▸ **Source data**
- - - -
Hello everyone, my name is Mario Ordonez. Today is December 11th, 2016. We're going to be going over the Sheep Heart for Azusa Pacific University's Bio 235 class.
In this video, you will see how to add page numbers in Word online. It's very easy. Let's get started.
- - - -
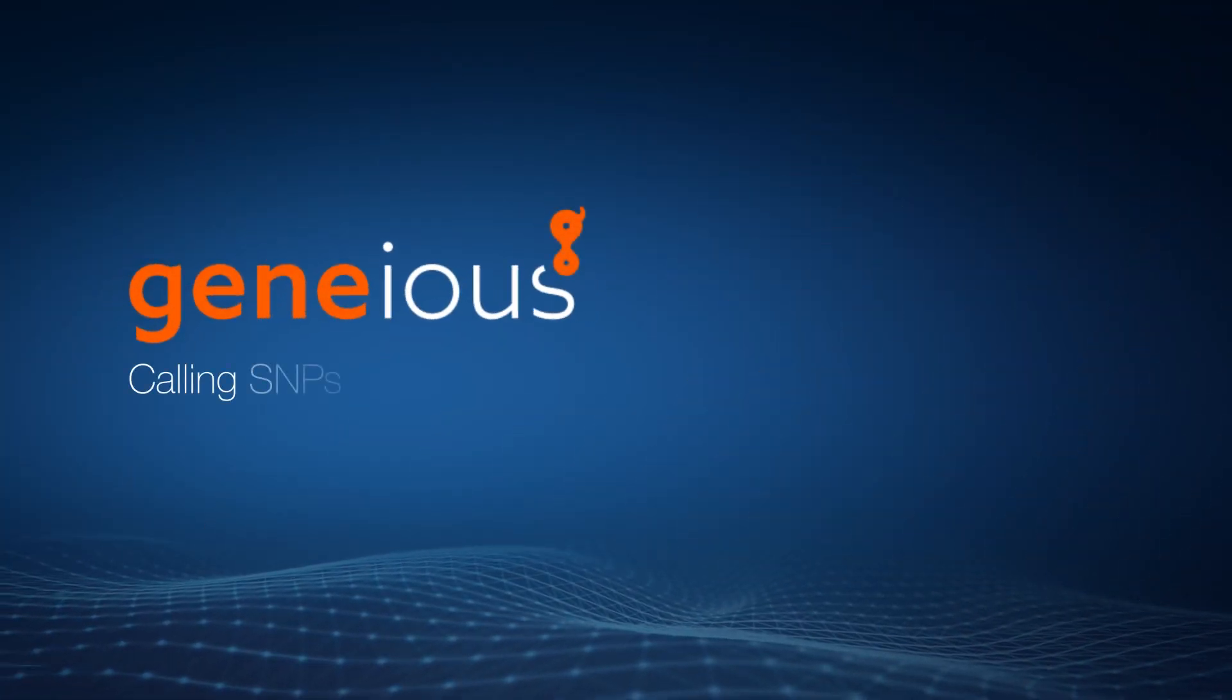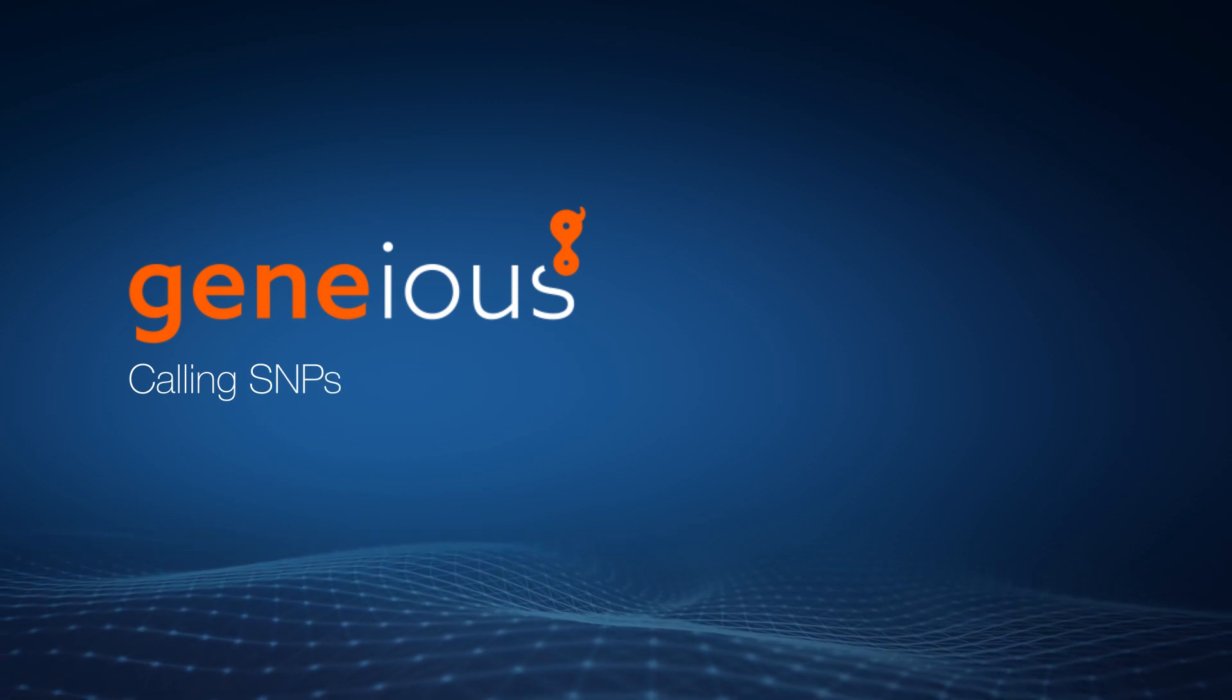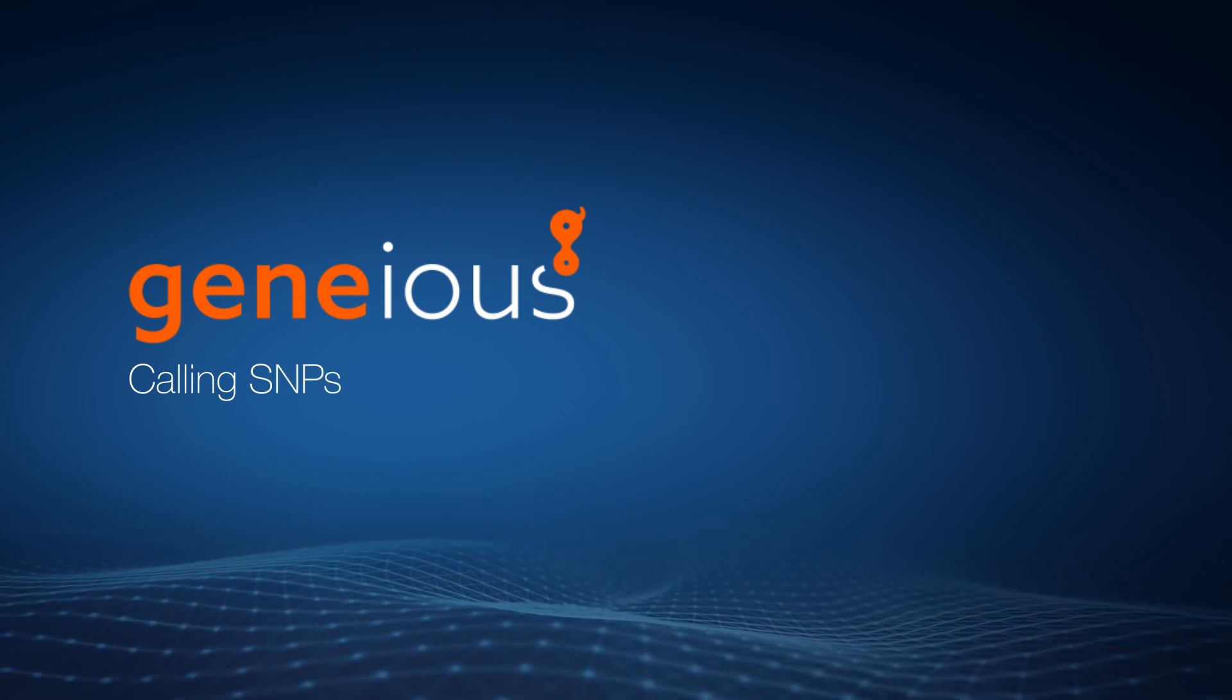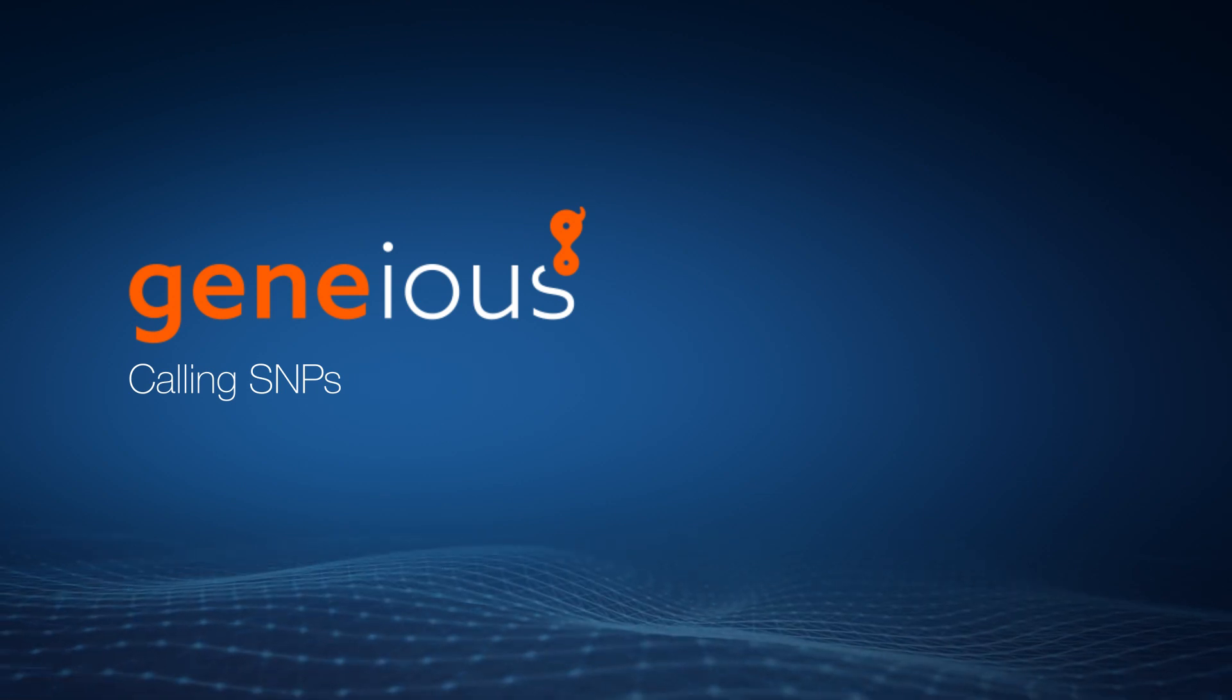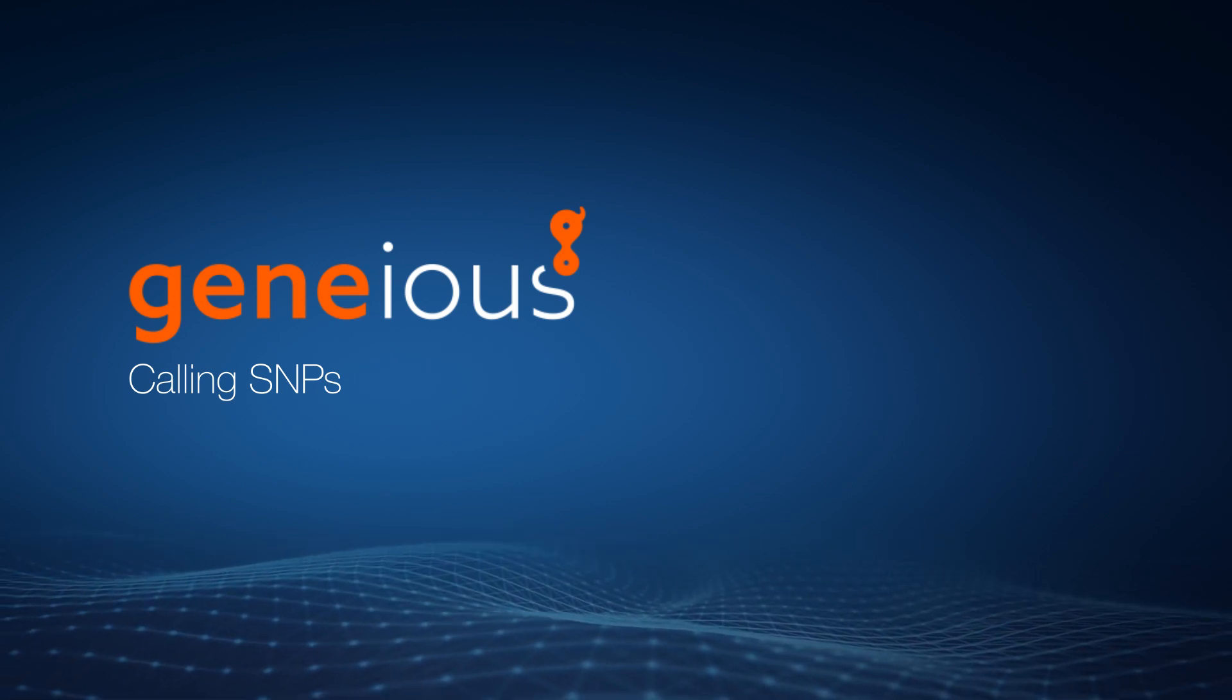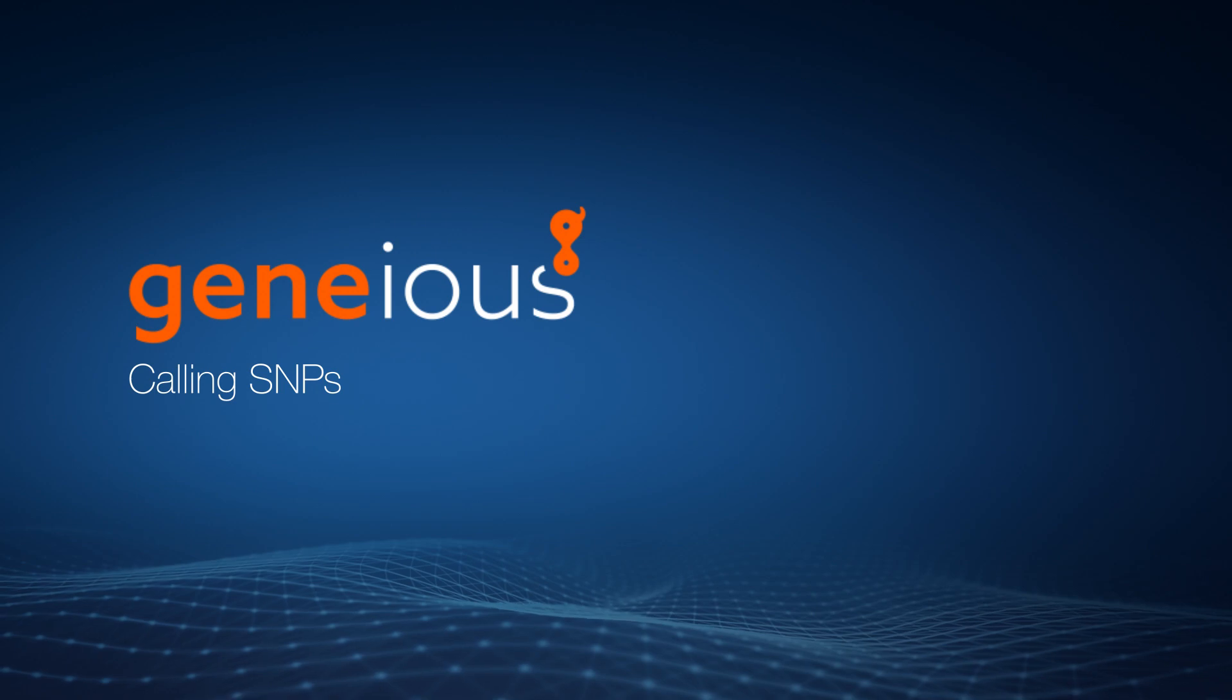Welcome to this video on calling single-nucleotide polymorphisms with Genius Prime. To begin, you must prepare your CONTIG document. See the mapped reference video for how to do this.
- - - -
▸ **Directions for this task**
Produce a word-for-word copy of everything above from the line holding "Hello everyone, my" down to the line holding "In this video, you", with both of those lines kept.

▸ **Task solution**
Hello everyone, my name is Mario Ordonez. Today is December 11th, 2016. We're going to be going over the Sheep Heart for Azusa Pacific University's Bio 235 class.
In this video, you will see how to add page numbers in Word online. It's very easy. Let's get started.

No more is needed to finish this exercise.